Die Schweiz. MS-Gesellschaft beteiligt sich seit vielen Jahren an der Finanzierung der Schweizer MS-Kohortenstudie. 

Neue Therapien auf dem Prüfstand: Gibt es jetzt etwas gegen die Progression? – Prof. Tobias Derfuss

Ein neuer Therapieansatz bei MS ist die Nutzung von Kinase-Inhibitoren, insbesondere die Blockierung der Brutons Tyrosin Kinase, den sogenannten BTK-Inhibitoren.
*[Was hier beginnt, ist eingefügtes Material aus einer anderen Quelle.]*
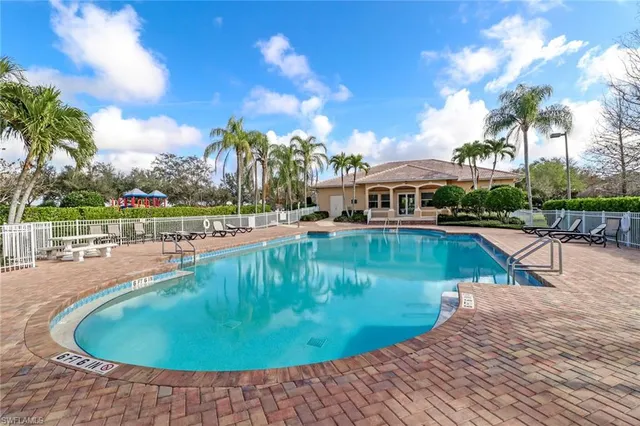 a view of a swimming pool with a lounge chairs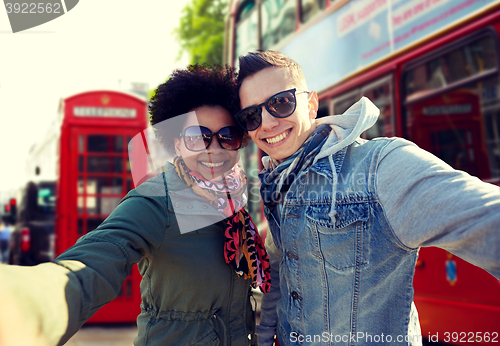 Image of happy teenage couple taking selfie in london city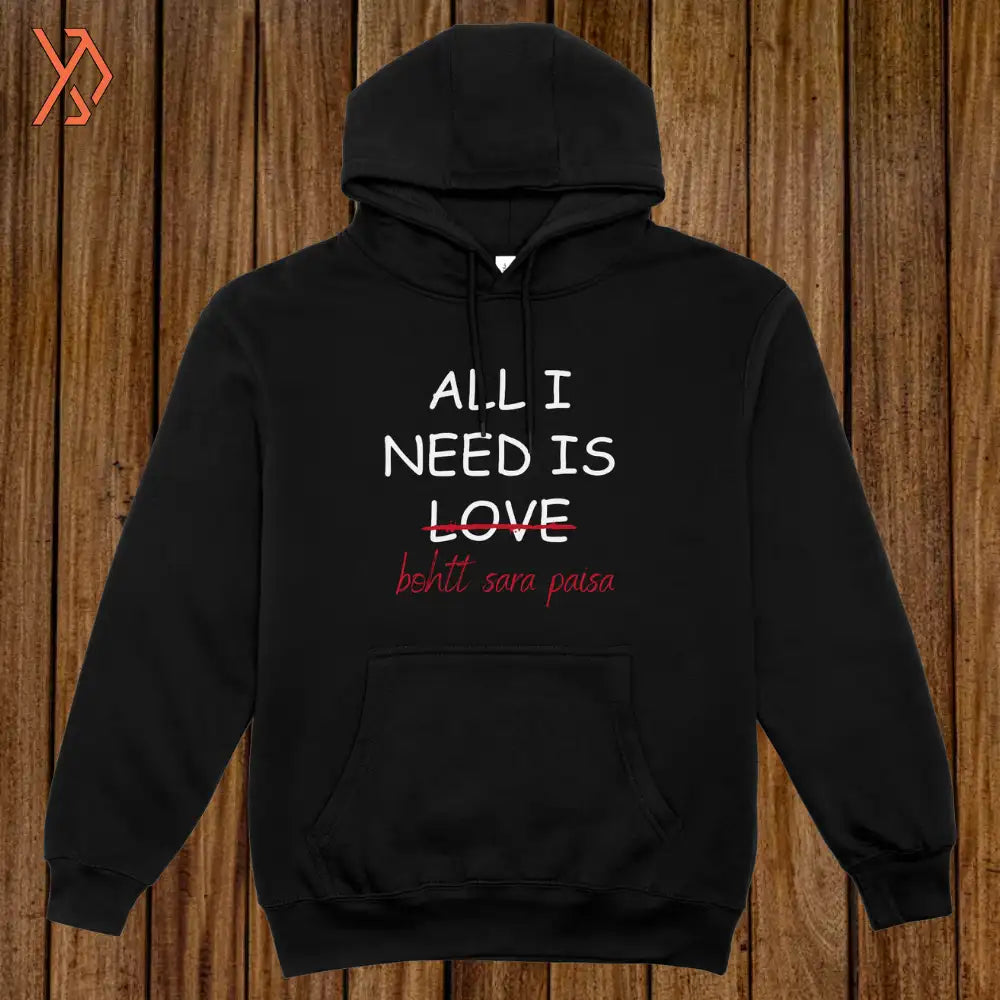 Black hoodie with text 'ALL I NEED IS LOVE' on a wooden background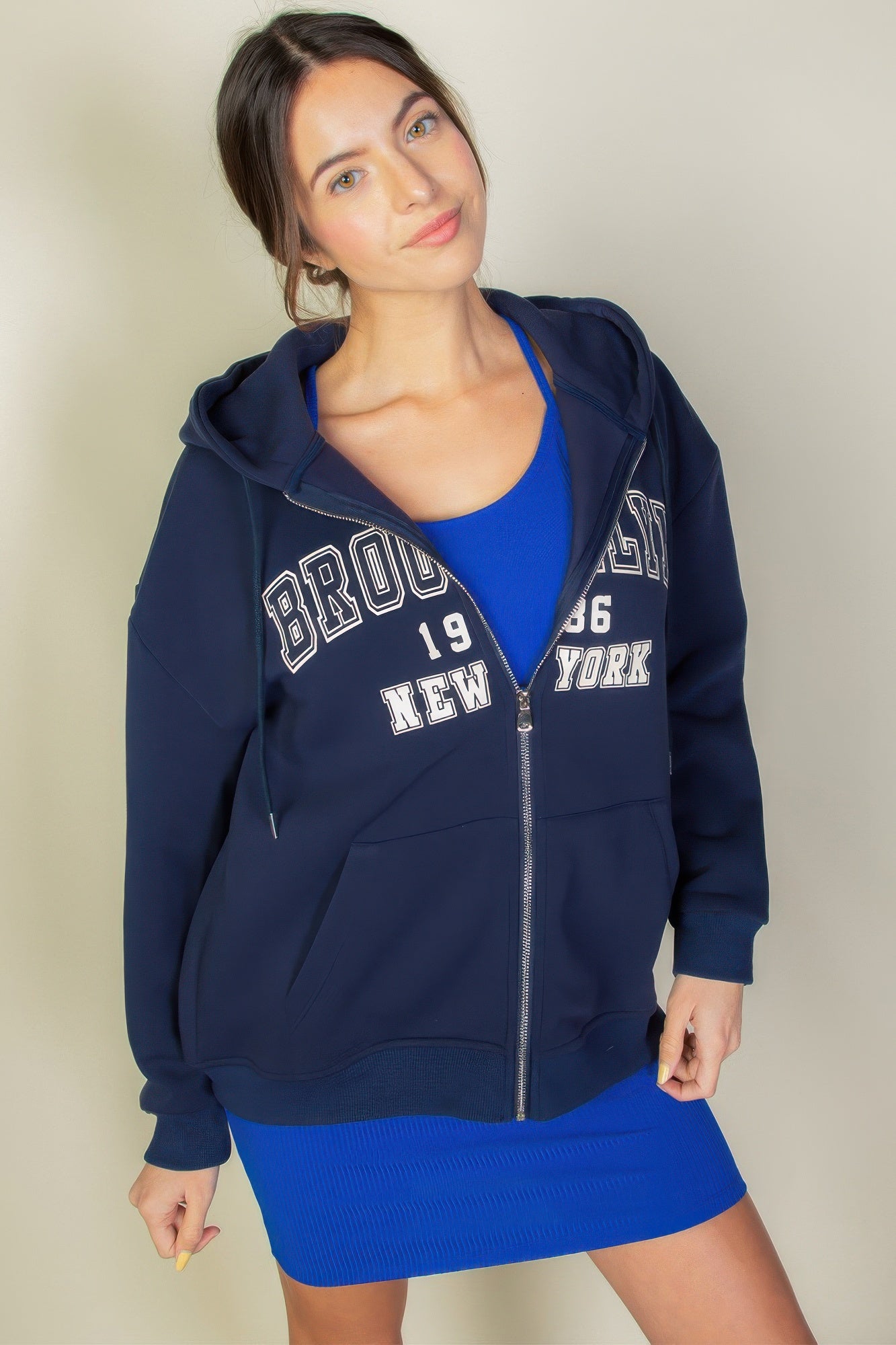 Model wearing a navy Graphic Drop Shoulder Zipper Up Hoodie with Brooklyn logo over a blue dress. Stylish and comfortable casual wear.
Da es sich hier um kleine Moleküle handelt, ist im Gegensatz zu Antikörpertherapien auch ein direkter Effekt im zentralen Nervensystem zu erwarten.

Die BTK-Inhibitoren agieren in erster Linie auf Lymphozyten, wirken jedoch auch auf andere Zellen in der Umgebung, insbesondere die Mikroglia. Mehrere ähnliche Therapien dieser Art sind aktuell getestet worden oder werden noch getestet.

Im Vergleich zur bereits verfügbaren MS-Verlaufsherapie mit Teriflunomid konnten die Wirkstoffe Evobrutinib und Tolebrutinib leider keinen besseren Effekt auf Schübe oder auf entzündliche Läsionen im MRI zeigen.

Bei Fenebrutinib stehen die Studienergebnisse bei schubförmiger MS und bei primär progredienter MS noch aus. Evobrutinib führte bei sekundär progredienter MS im Vergleich zu einem Placebo zu einer Reduktion der langsamen Behinderungsprogression.

Diesen Resultaten wird zurzeit hohe Beachtung geschenkt. Dies ist das erste Mal, dass eine Therapie vor allem auf die Krankheitsprogression, nicht aber auf akute Entzündung einwirkt. Der genaue Mechanismus dieser Wirksamkeit ist noch nicht bekannt, allerdings wecken diese Ergebnisse grosse Hoffnungen auf zukünftige Therapieoptionen für die Progression.